On the Road to Success: defining the architecture and preparing the team
This article is a follow-up on the first post of the “On the Road to Success” series about planning and starting a project.
Defining a relevant and reliable architecture
The technical architecture document is probably the most important document. It should contain:
- Software architecture: with details of frameworks and standards you can use in your project
- Description of the target infrastructure, norms and protocols used
- Network infrastructure, components and zones
- Used flows and network protocols
- System quality attributes study (high availability, security, extensibility, fault tolerance, maintainability…)
- Deployment view and design
- Environments required: development, test, integration, pre-production and production
The final result of this document will be the deployment view (or physical view) of each environment. This view shows the components and the flows in one single schema. I want to insist that you have a pre-production environment, which is sometimes ignored. This environment should be an exact copy of your production environment. It is used for:
- Dry runs of releases to be executed by system administrators before doing the release on your production environment
- Reproducing and analyzing problems that have occurred on production
This environment should be managed the same as your production environment (in terms of security, deployment, administrators…), but it is not used by the end users.

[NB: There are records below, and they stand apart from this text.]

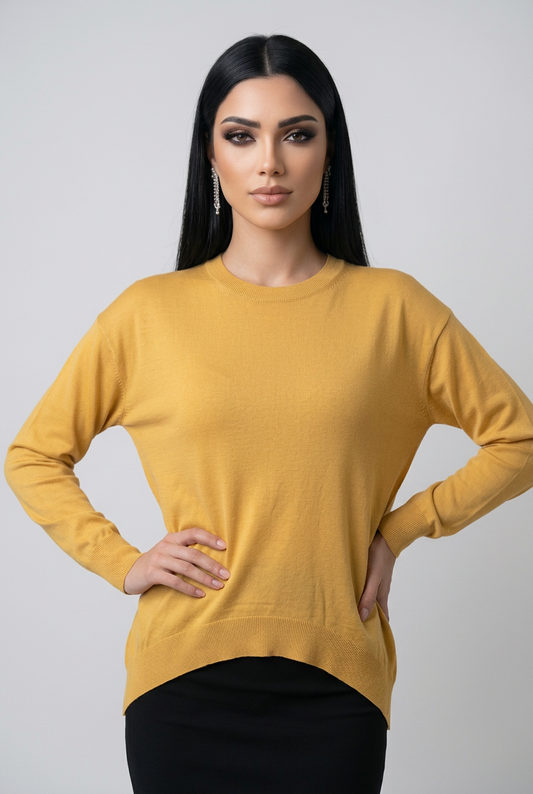 Femme portant un pull Stella McCartney vintage – Seconde main luxe – VestiaireFMR Genève Suisse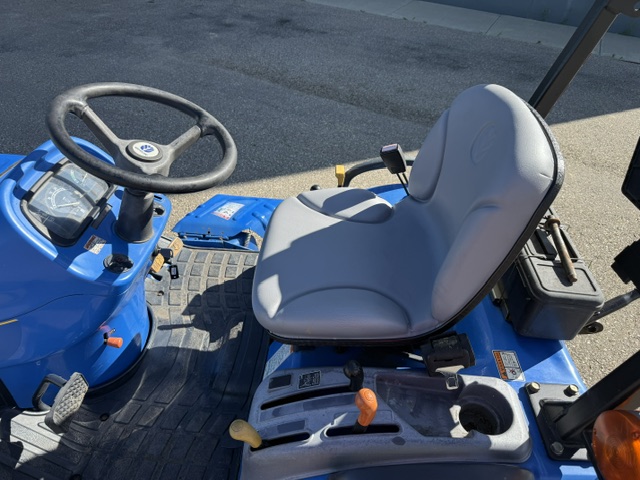 2007 New Holland T1030 Tractor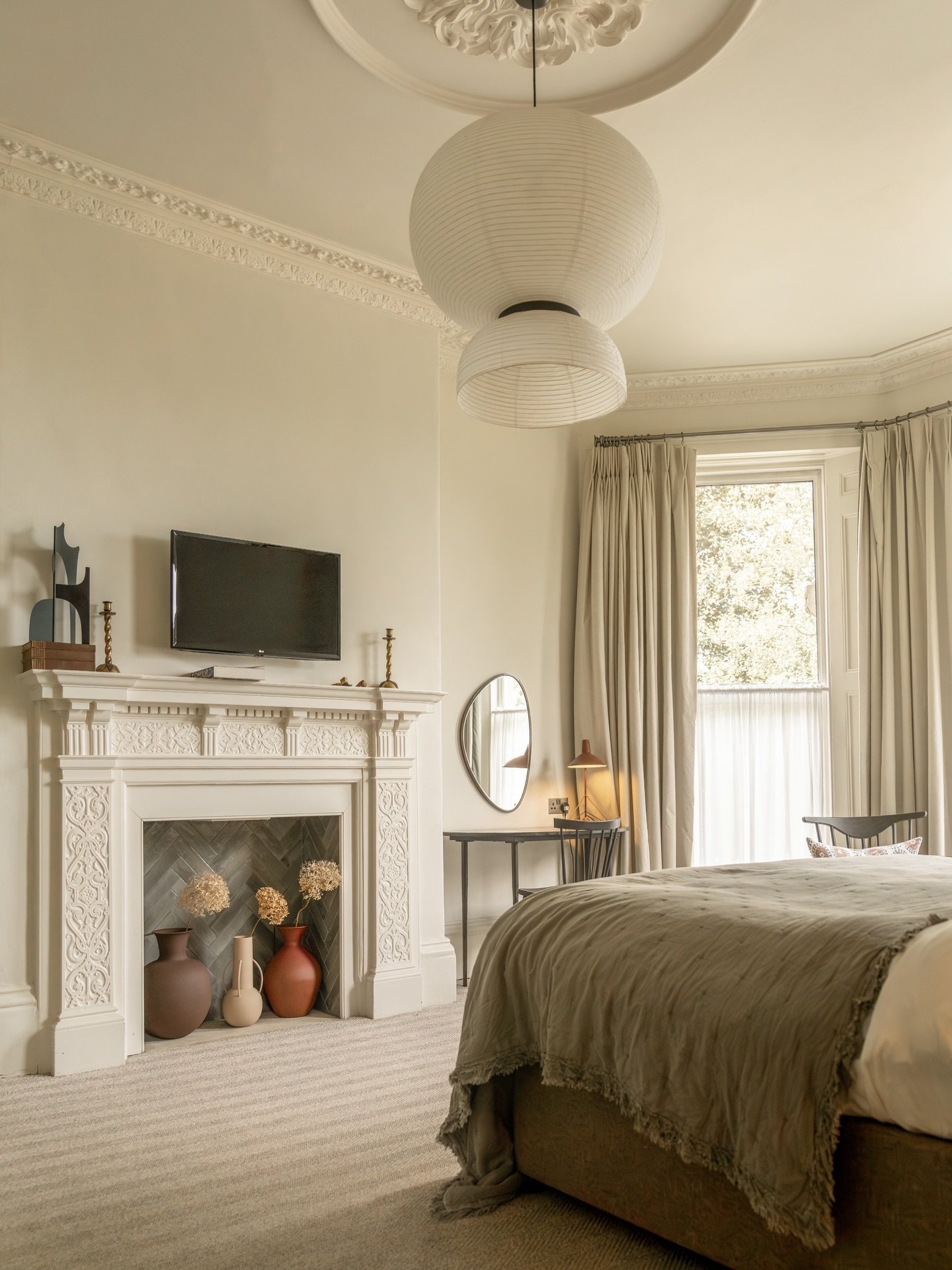 Unpack and make yourself feel at home. This is the ultimate do not disturb zone ✨

#interior #hotels #bathengland #placestostay #bedroomdecor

This document is the most important deliverable before you develop any source code.
It is mainly used to answer the question: How will I guide my team members during the project. It is used by:
- Developers
- Testers
- Final users
- System administrators
What should you consider in writing this document? Here is a generic answer. I can’t answer this question in one blog post because it depends on many factors relating to your specific project, its infrastructure and the environments required.
You should consider:
- The clustering capability of eXo Platform
- The different flows between application servers, software and hardware load balancers, RDBMS, LDAP…

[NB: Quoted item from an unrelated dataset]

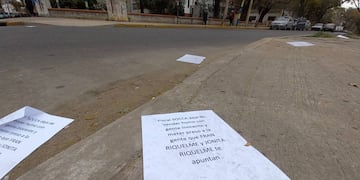 Los delincuentes arrojaron hojas impresas con acusaciones a Jonita y Fran Riquelme.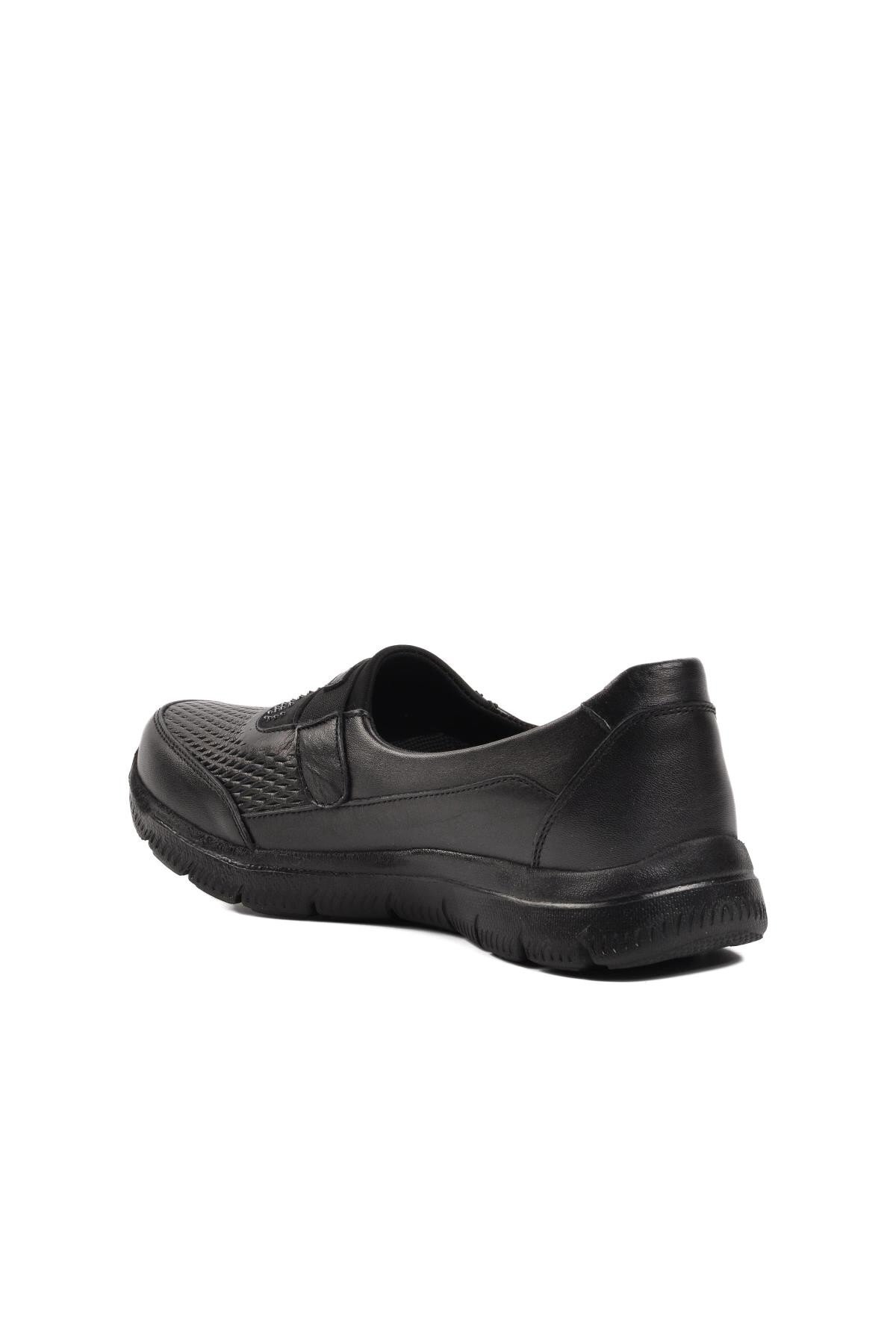 Ayakmod Siyah Hakiki Deri  Kadın Günlük Ayakkabı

- The different system integrations that can be made (MS Exchange, Bonita, CMIS…)
- JBoss domain mode configuration
Building an effective team
Once your team has been trained as developers, you’ll have to ask a senior developer to prepare an eXo add-on to configure the platform before starting development.
This extension can include customizations such as:
- Site pages and layouts
- Default HTML web contents used in the site layout (e.g. your banners and footers)
- Site CSS files
- Enterprise directory integration configuration, if needed
- eXo Platform extension (create a new empty extension based on this project)

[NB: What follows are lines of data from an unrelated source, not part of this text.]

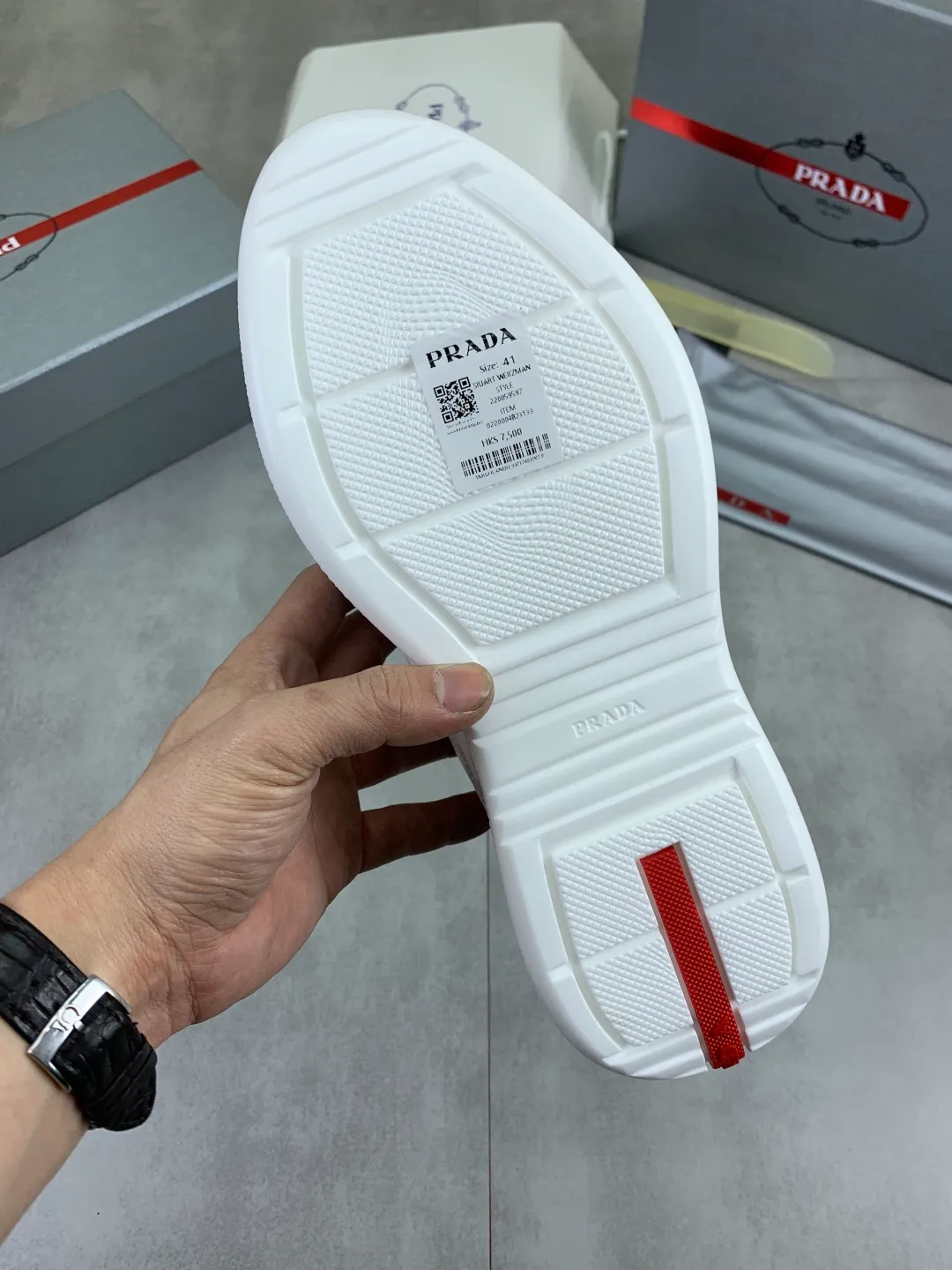 Men's men's shoes P560💰 [Real Price] Popular models are on the official website, 🆘 Trendy brand (Prada) mainly promotes popular models, avant-garde and versatile fashionable men's shoes private version mold opening, cowhide surface splicing 1:1.. Stylish and simple, original imported cowhide lining cowhide feet; the atmosphere and personality are more fashionable, eye-catching and pursuing class. It will subvert the old ideas and be a must-have for fashionistas who want to spend time with you! Must keep it! Tall and comfortable, large and low, high-end quality workmanship. Code number: 38-45 2️⃣optional.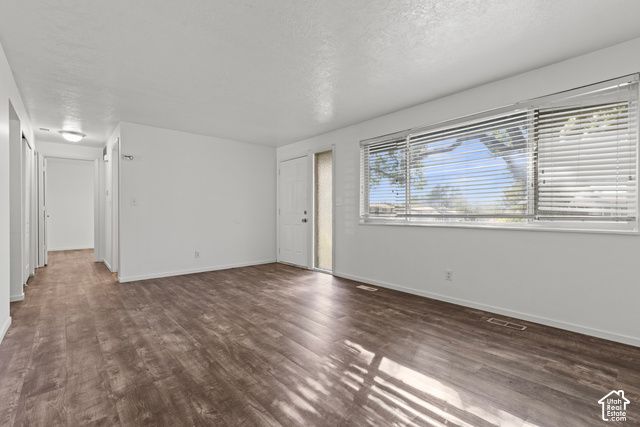 6072 S 2550 W, Roy, UT 84067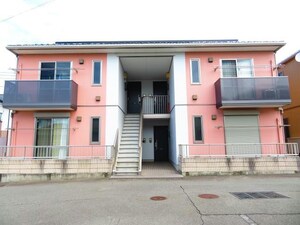 リバトーンB（連取本町）外観写真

- Services that will be used for interactions between your system and eXo Platform IOC
- SSO activation configuration, if needed
I recommend that you use the Extension Generator add-on to generate your extension. It will use your UI modifications and you won’t need to write XML files manually.
You’ll have to prepare:
- Development environment that is shared with all your team for periodically integrating their work (weekly for example)
- Developer workstation: define the technical requirements, development IDE and configuration of each tool (and also the code formatting template)
- Source code management, continuous integration and artifacts repository systems
To make the development productive, I personally usually advise that each developer works on one portlet in standalone mode without integrating it inside the eXo Platform server. That’s why I choose, most of the time, to develop using the JSF 2 or Juzu frameworks. Using those frameworks, the switch from standalone to portal integration mode needs few changes and it can be automatized in the build process (using Maven profiles).
To be productive and deliver high-quality software, I recommend you use a good setup for:
- Unit tests
- Automatic functional tests (GUI test automation)
Using JRebel can save up to 25% of your development time (even more in some cases).